Sam Spade’s (and William Spider’s) indispensable lady.
1941
Producer William Spider would feel lost without petite,
titian-haired Lurene Tuttle, who plays Effie Perrine on The Adventures of SamSpade (CBS, Sundays, 8 P.M., EDT).
It isn’t just that Effie as played by Miss Tuttle, is a
special kind of Girl Friday- it’s Lurene’s ability to play almost any kind of
feminine role. When every the script calls for a gun moll, a slinky confidence
woman, a grandmother, an adventuress, a Main Line debutante, it’s Lurene’s name
that Bill Spier pencils in for the part. Actually, Lurene’s favorite part on
the show is not that of Effie, but Spade’s talkative landlady. There’s scarcely
a radio program on which Lurene hasn’t been heard, but she’s no radio
Cinderella. She came to radio as a stage actress seasoned by seven years of
trouping in stock. She played her first part-at seventeen- in a Burbank,
California, garage. And for a considerable period, she was a pillar of the
Pasadena Play-house group.
Lurene was born with actor’s blood in her veins. Her father,
O.V. Tuttle, was a minstrel man and her ninety-year-old grandfather, Frank
Tuttle, taught dramatics in college and at one time managed the opera house in Angola,
Indiana. From the time she was five Lurene wanted to be an actress, and her
first appearance was a ring-bearer in a minstrel show.

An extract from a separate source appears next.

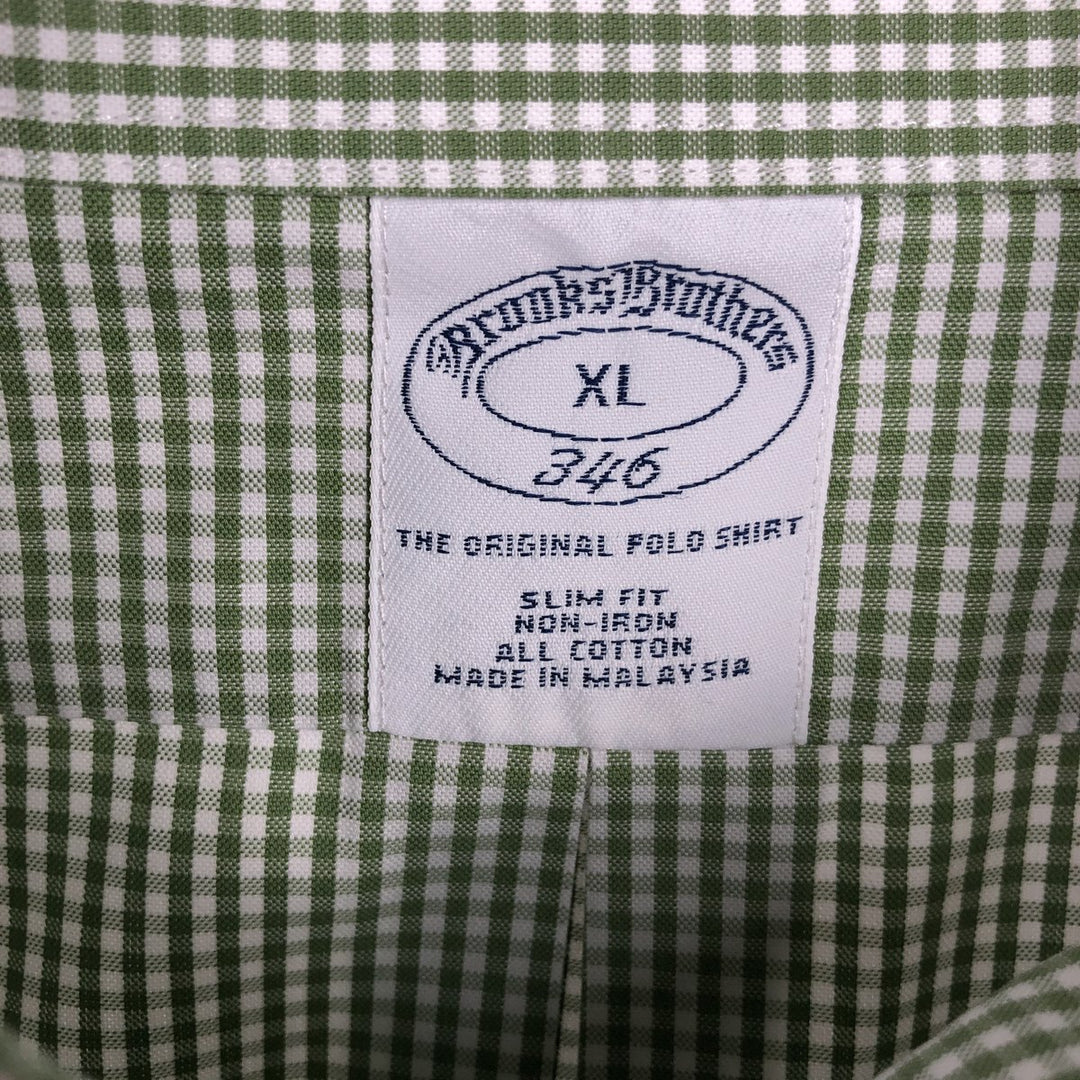 Brooks Brothers 346 Gingham Check Long Sleeve Button-Down Check Shirt, Men's Size XL (approx.) cotton green type Vintage Second Hand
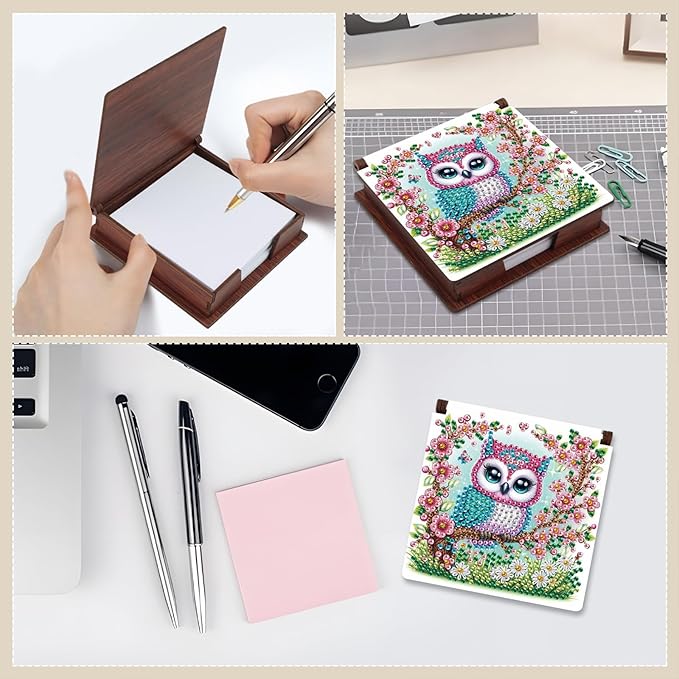Wooden DIY Owl Diamond Art Notecard Box – DIY Gem Art Sticky Note Holder for Adults 160 Sheets Memo Pad Storage Desk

The Hoosier-born trouper has always had a soft spot in her
heart for her home state. And she frequently returns to Indiana to visit her
family at Pleasant Lake. The home folks have been able to see as well as hear
their favorite actress since 1947. For in that year she made her screen debut
as a featured player in “Heaven Only Knows” with Robert Cummings, Brian Donlevy
and Marjorie Reynolds.
Orson Welles afterward featured her in his “Macbeth” and
then she was cast as Girl Friday to Cary Grant in “Mr. Blandings Builds His
Dream House.” Only her many radio billings prevent her from appearing in more
movies.
An actress all her life, Lurene Tuttle, still “dies several
deaths” before each performance, but once she’s made her entrance on a movie
sound stage or steps to mike, she forgets herself in the part she is playing.
Right now she teaches a class in acting at the University of Southern
California. At home her chief interest is her teen-age daughter, Barbara, who
yearns to follow in her mother’s footsteps. The firl is already developing into
a promising singer with an unusual style.